# The oldest hots keeper in the UK



## venomsearch (Apr 24, 2014)

hi guys and gals i`m new to the site but i was wondering if anyone knows who is the oldest hots keeper in the united kingdom. The reason for the question is that i am starting a paper on keeping venomous reptiles and the first chapter is on age thus the question so any help is much appreciated.

Thank you:2thumb:


----------



## GT2540 (Jan 31, 2012)

45 if that helps


----------



## murinus21 (Mar 6, 2014)

*re*

goto be pdr lol or mark


----------



## Tim Hallam (Aug 17, 2010)

I don't see what age has to do with anything but there are plenty of old rockers out there


----------



## Herptileeditor (Sep 9, 2012)

*Ageism!!!*

Hi guys & Girls. As Tim Hallam says age has NOTHING to do with anything. It's surely down to the time spent in the 'hobby' and experience gained - progressing through the 'stages' of reptile husbandry until ultimately keeping venomous.

For the record, I am now 65!!!!!!!!!!!!!!!!!!!

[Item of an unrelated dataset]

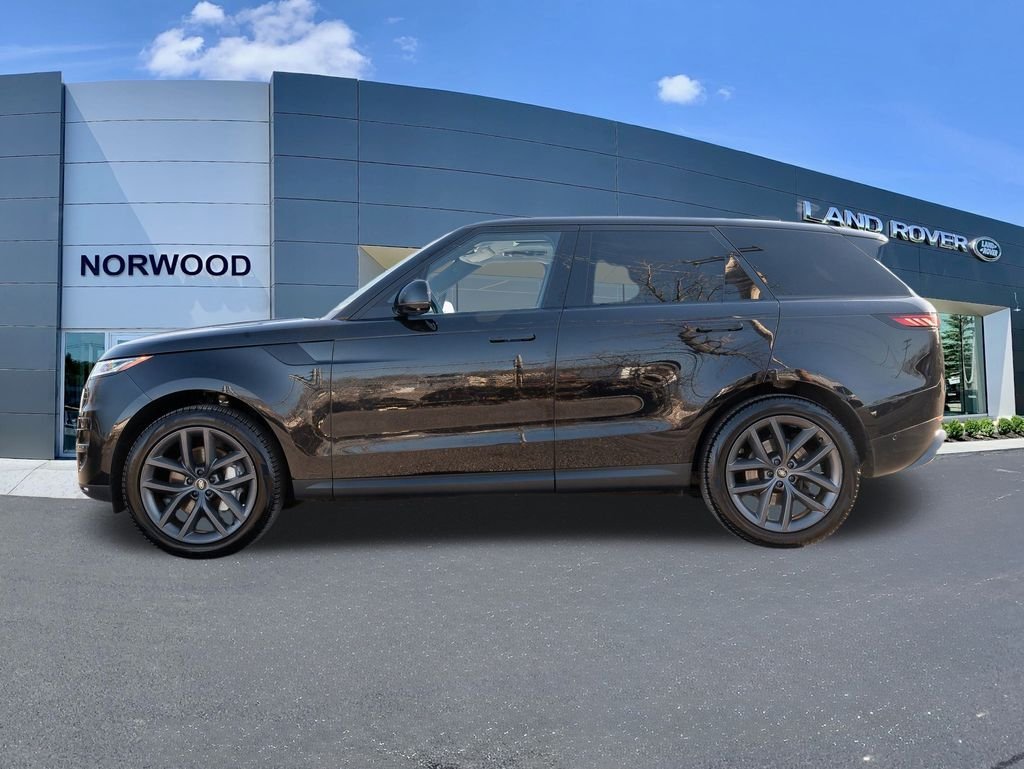Certified Used 2024 Black Land Rover SE image 7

Does this mean I get a medal:whistling2::whistling2:


----------



## SiUK (Feb 15, 2007)

I wonder who the youngest is. I was first licensed when I was 20.


----------



## PDR (Nov 27, 2008)

murinus21 said:


> goto be pdr lol or mark


I might have been keeping snakes since I was 6 years of age..... but I'm still NOT old thank you very much mg::mrgreen:


----------



## Chris Newman (Apr 23, 2007)

PDR said:


> I might have been keeping snakes since I was 6 years of age..... but I'm still NOT old thank you very much mg::mrgreen:


Yes you are....!!


----------



## projectalf (Mar 28, 2014)

Billy that had Kearsley tropical must be up there


----------



## KDale (Jan 26, 2014)

SiUK said:


> I wonder who the youngest is. I was first licensed when I was 20.


what’s the youngest your aloud to start the process


----------



## Tim Hallam (Aug 17, 2010)

you need to be 18 to hold a Licence to keep animals controlled under the Dangerous wild animals act, so legally that's the youngest. but there are some competent youngsters out there I'm sure .


----------